Les racines du genre... le budget dérisoire le fait plutôt ressembler à une production des années 50, mais il faut reconnaître à Romero un sens du timing et des personnages qui fait de ce film plus qu'une simple enfilade de moments horrifiques, comme tant de ses lointains rejetons. Les acteurs sont à fond dans leur rôle, les effets visuels (accentués par le recours au noir et blanc) font largement le job, et le film ne manque pas de réserver quelques moments de cruelle ironie qui renforce son climat angoissant.
Le film culte par excellence qui a influencé tout ce qui a suivi sur le sujet. Des scènes brutes, sans fioritures, où le noir et blanc accentue la terrifiante plongée dans l'horreur de cette famille isolée au milieu de l'indicible. A voir en VO pour mieux plonger dans l'atmosphère.
C’était mon premier film du genre, séance de minuit dans une petite salle d’un cinéma d’art et essai ! Tout de suite l’ambiance est donnée par le N&B et le décor d’un mois de novembre avec ses arbres déplumés, et puis le cimetière. Vient l’attaque du zombie, la musique stridente et la suite… La galerie des personnages est bien vue, avec cette famille américaine blanche typique, le mari arrogant (mais très lâche), sa femme soumise et la petite fille qu’on ne verra pas. Le jeune couple courageux est plus sympathique, et puis il y a le héros noir. Ce film a-t-il une dimension militante antiraciste ? Ce n’est pas le premier film qui abordait la question raciale aux USA (il y avait déjà eu plusieurs films avec Sidney Poitier qui avaient bien marché). A mon avis, ce film a été fait pour faire peur, et il y arrive bien, malgré (peut-être en partie grâce) au tout petit budget !
Ce film a perdu de son côté effrayant avec les années mais il reste néanmoins l'un des pionniers du style de survie contre des zombies. L'action démarre très vite a tel point qu'on est autant perdu que les personnages.
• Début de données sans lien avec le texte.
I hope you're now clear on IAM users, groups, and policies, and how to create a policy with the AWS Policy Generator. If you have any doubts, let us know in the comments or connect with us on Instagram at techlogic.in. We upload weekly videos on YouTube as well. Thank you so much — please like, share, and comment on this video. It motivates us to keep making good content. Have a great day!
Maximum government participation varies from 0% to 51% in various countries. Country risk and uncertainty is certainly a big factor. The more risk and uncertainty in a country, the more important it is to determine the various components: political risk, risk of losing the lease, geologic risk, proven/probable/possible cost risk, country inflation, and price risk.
On apprend à connaître la menace en même temps qu'eux. Aussi comment ne pas remarquer la portée politique de ce film? On pointe notamment du doigt le racisme (un protagoniste noir malgré la ségrégation encore très présente dans l'Amérique des années 60), la paranoïa collective et les familles disfonctionnelles, des problèmes très présents aux États-Unis à cette époque.
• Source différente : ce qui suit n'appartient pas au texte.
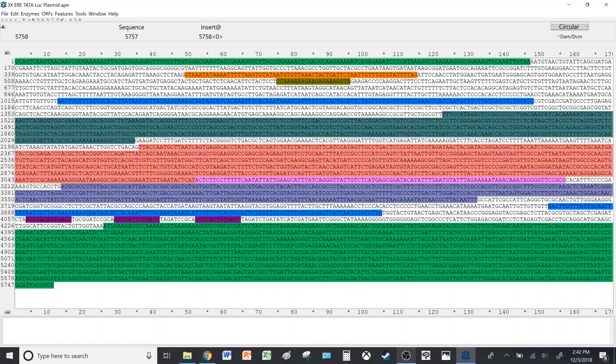We'll also cover creating maps without restriction endonucleases as well as utilizing the digestion tool, which basically predicts the number of bands that will be present on an agarose gel if you run an electrophoresis after a restriction digest.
Le film qui a lancé le zombie au cinéma ! (Et pourtant le terme n'est jamais employé). Terriblement marquant. Tourné avec des techniques (guerilla filmmaking) et un budget (100 000 dollars environ) à la limite du dérisoire, le film ne devrait même pas être un film d'horreur à la base. C'est finalement l'aspect commercial qui a orienté l'équipe vers ce genre. Il faut savoir que tournage a été lancé avec 6000 dollars (10 fois 600 investis par les membres du crew) et a augmenté au fil du tournage par différents investisseurs. Le film a finalement engrangé 30 millions de dollars au box-office, le rendant un des films les plus rentables de tous les temps. Tourné dans une maison de campagne louée en Pennsylvanie et à la base vouée à la destruction. La plupart des dialogues furent bien sûr improvisés. Plusieurs membres de l'équipe auraient même dormi sur place malgré l'absence d'eau courante, toujours par soucis de budget.